→ Listed records
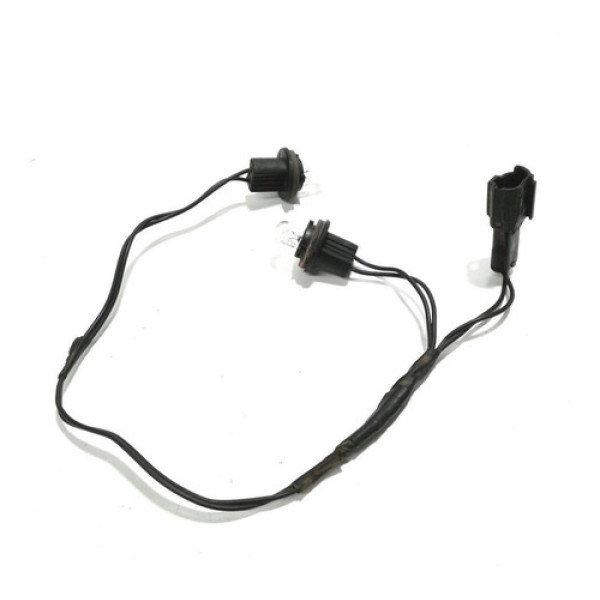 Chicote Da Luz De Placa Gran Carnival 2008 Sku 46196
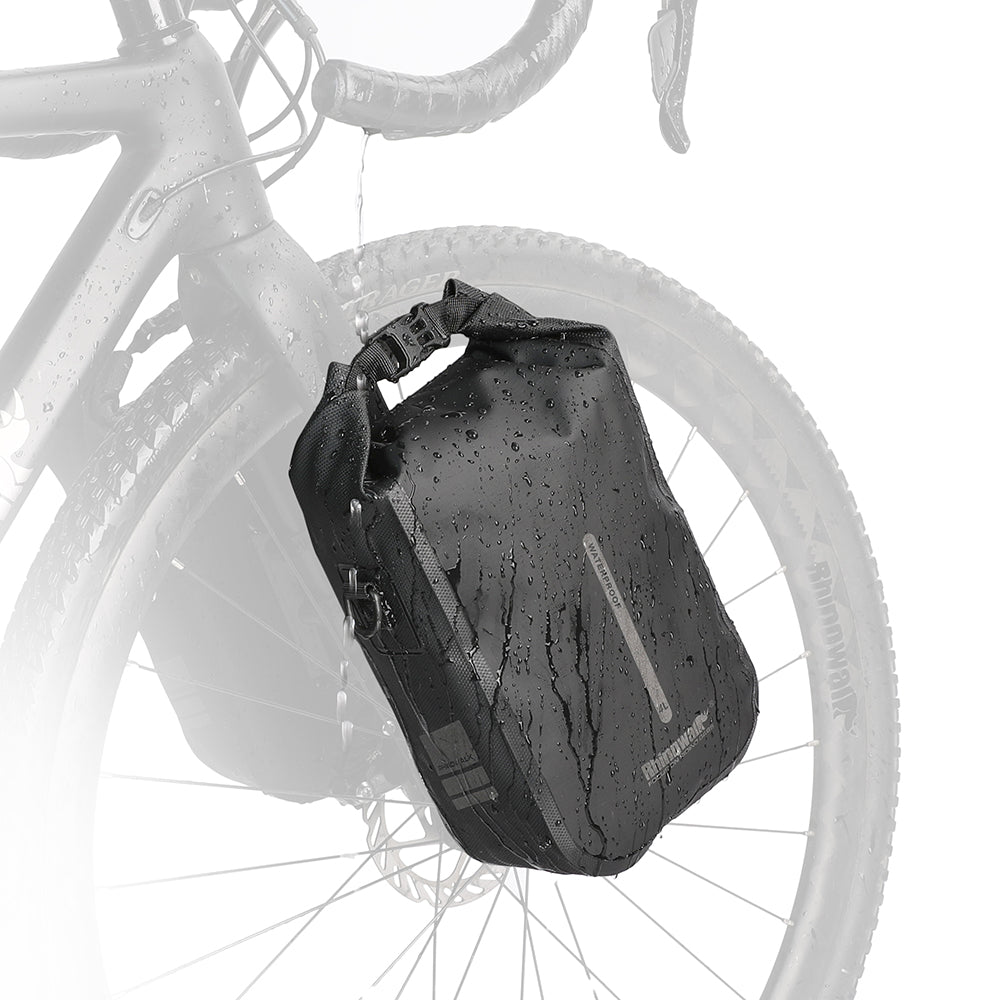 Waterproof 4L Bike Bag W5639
==
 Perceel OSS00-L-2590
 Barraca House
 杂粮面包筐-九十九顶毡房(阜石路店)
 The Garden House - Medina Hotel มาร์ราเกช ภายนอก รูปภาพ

→ Directions
Across the whole listing, show each line where the word "House" occurs.

→ Output
 Barraca House
 The Garden House - Medina Hotel มาร์ราเกช ภายนอก รูปภาพ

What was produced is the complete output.